Hearing is a complex sensory function which converts mechanical waves (sound) to electrical patterns on the auditory nerve. The sound receptor is the inner ear, or cochlea. Each year Europe counts more than 5,000 deaf-born babies (i.e. one out of 1,500 newborns). Not treating these babies leads to deaf-muteness. In adults, the prevalence of ‘cochlear’ hearing loss increases with age. Approximately 20% of people over 75 years of age have moderate and 3% severe hearing loss. Severe and profound hearing losses can be treated with cochlear implants (CIs). When implanting a CI, some 10–20 contacts are surgically placed into the cochlea. Within the device, sound is analyzed by an external speech processor, which resembles a classical behind-the-ear hearing aid. The implanted electrodes are then stimulated to generate an electrical field to pass the information directly to the auditory nerves in the cochlea (see Figure 1).
Components of a cochlear implant. (1) An external behind-the-ear processor receives sound through a microphone, processes it and (2) delivers it to the internal components through a radio frequency link. (3) An implanted coil receives the signal, and an internal device (4) converts it to electrical pulses that are delivered to electrodes in an array (5) in the cochlea.

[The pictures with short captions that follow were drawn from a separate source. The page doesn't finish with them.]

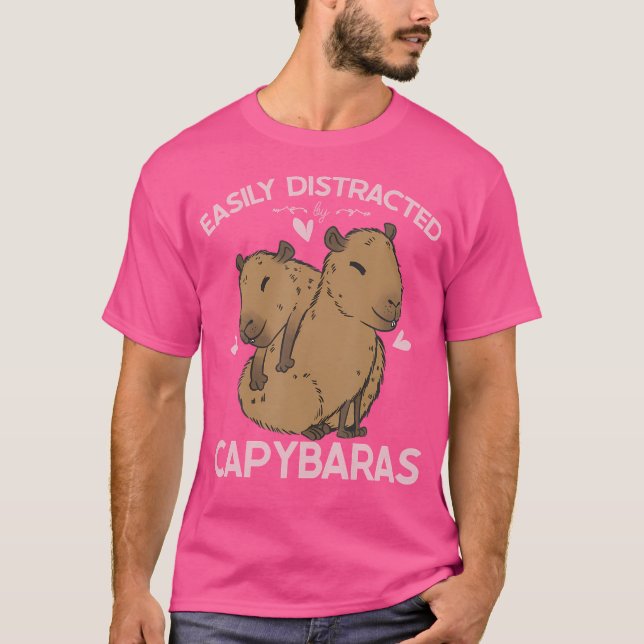 Funny Capybara Carpincho distraherad av Capy T Shirt (Framsida)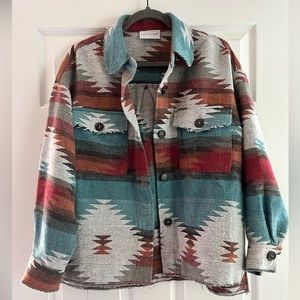 Aztec Boho Oversized Jacket or Shacket, women’s medium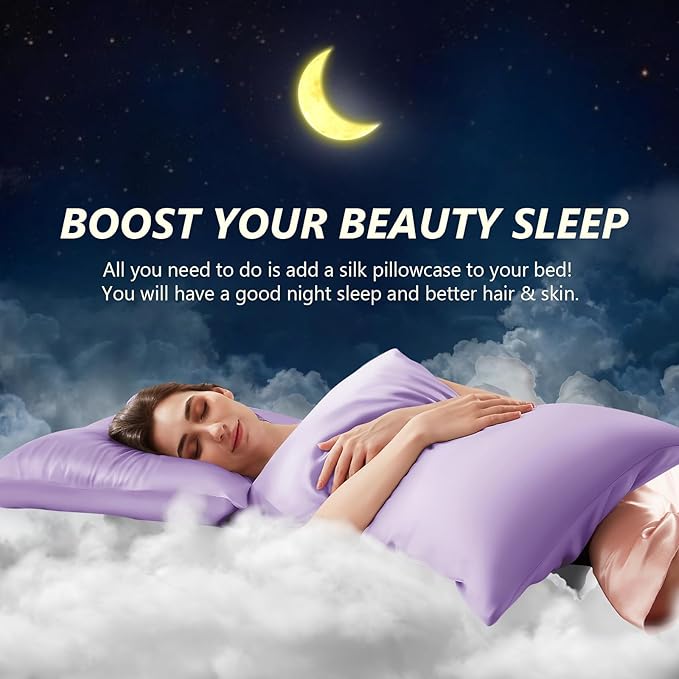 Silk Pillow Cases King Size 100% Mulberry Silk Pillowcase for Hair & Skin 22 Momme Both Sided Grade 6A Silk Cooling Soft Breathable 20 x 36 Inches with Hidden Zipper 1PC, Lavender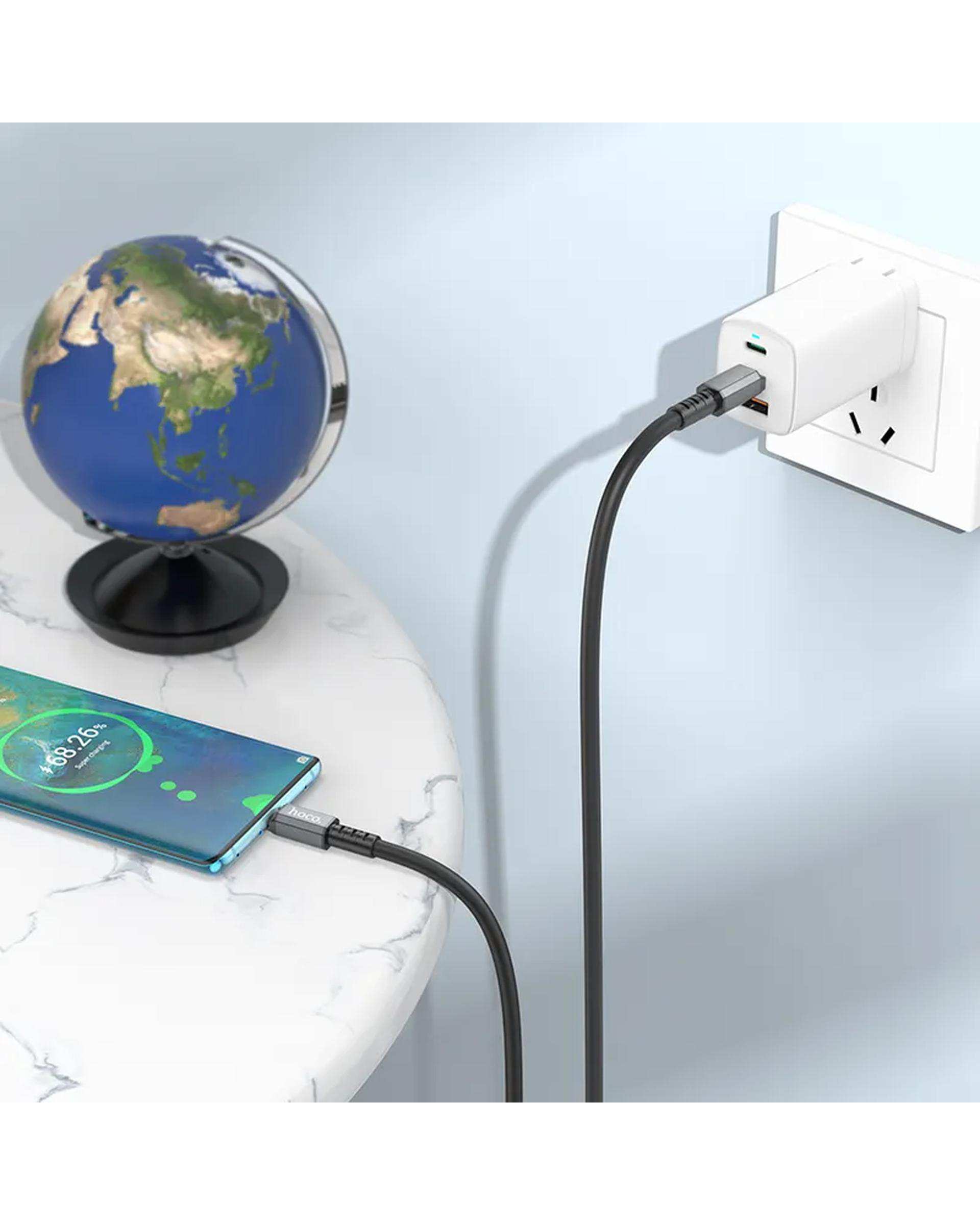 کابل شارژ 60 وات USB-C به USB-C مشکی هوکو hoco مدل X85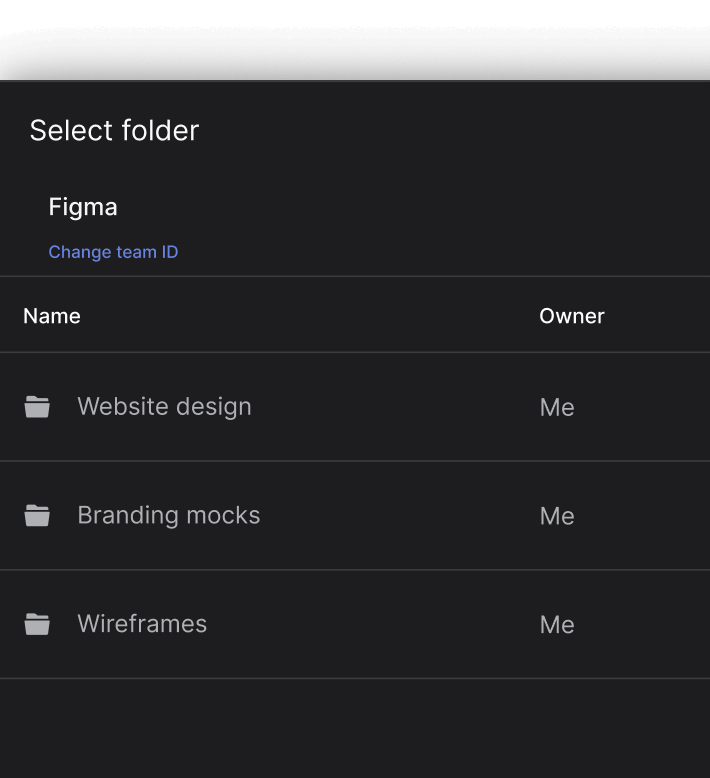 Figma integration select cloud files to add to spaces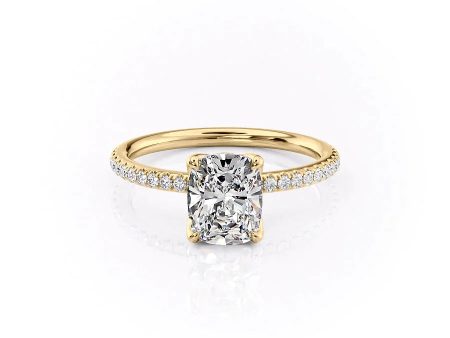 The Pave Alison Set With A 2 Carat Elongated Cushion Lab Diamond Online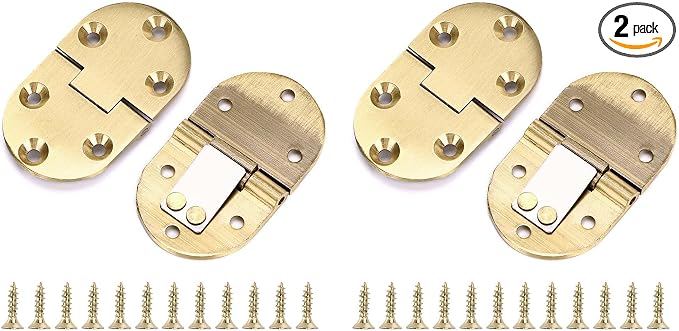 OwnMy 2 Pcs Solid Brass Hinges, Drop Front Desk Drawer Butt Hinge by OwnMy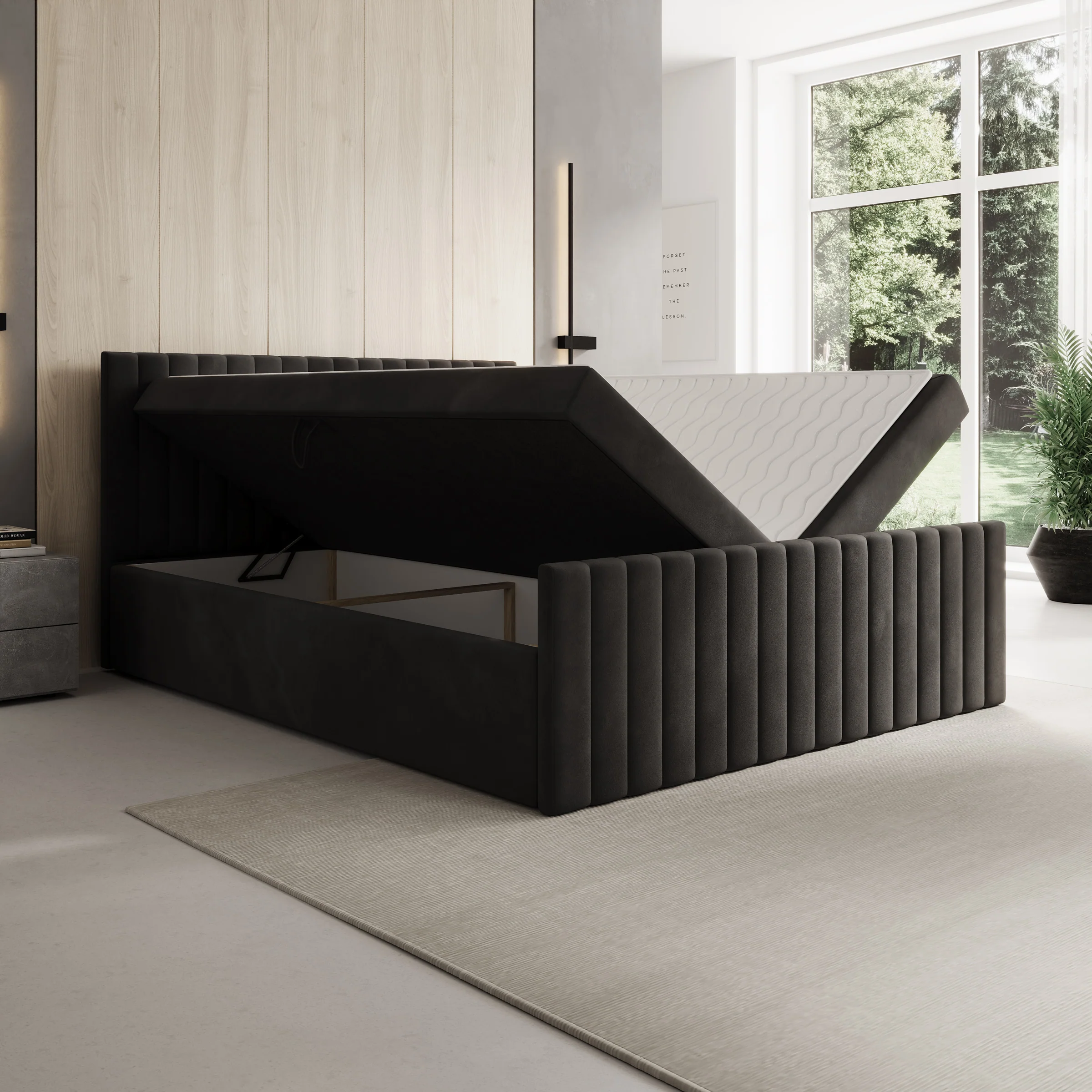 Tori - Boxspring met opbergruimte - Stof zwart - 160x200 cm - Image 2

The working of a CI is controlled by roughly 200 tunable parameters that determine the ‘input-output’ behaviour of the speech processor: sensitivity levels at different frequencies, electrical dynamic ranges for each electrode, characteristics of amplifiers and strategies for stimulating electrodes.
Following implantation, a CI must be programmed or ‘fitted’ to optimize the hearing sensation of individual patients. This is a challenging and time-consuming task that is typically performed by highly trained engineers, audiologists or medical doctors. One reason is that the outcome of the optimization process is difficult to measure. Tone and speech audiometry are the only outcome measures that are used clinically all over the world. But they cover no more than a small amount of the entire auditory performance and provide little analytical feedback to the fitter. Consequently, many fitters rely on instantaneous feedback from patients. Since patients are often very young, however, or may never have heard ‘normally’ before, this feedback often relates more to comfort than to the intrinsic accuracy of sound coding.
As a result, CI centres and manufacturers have developed their own heuristics, usually in the form of simple ‘if-then’ rules that are applied in a very flexible, individual and uncontrollable way. At present, no universal standards or well-defined good clinical practices exist to guide the fitters. With more than 200,000 CI users worldwide and an annual increase of over 30,000, this lack of feedback represents an ever-increasing problem and a real bottleneck to further implementation.
Opti-Fox (OPTImization of the automated Fitting to Outcomes eXpert) is a project funded by the European Commission's Seventh Framework Programme (FP7) of research under the Small and Medium-Sized Enterprises (SMEs) initiative. Our objective for this project is to develop an intelligent, self-learning agent (or system) for CI fitting (see Figure 2). We will combine the latest technologies from linguistics, automatic speech recognition, machine learning and optimization. The consortium consists of SMEs and research institutes from Belgium, the Netherlands and Germany, in close collaboration with the CI manufacturer Advanced Bionics. Details are available elsewhere.1–3
The Opti-Fox logo combining the FOX (Fitting Outcomes to eXpert) intelligent-agent software and European Commission Seventh Framework Programme logos.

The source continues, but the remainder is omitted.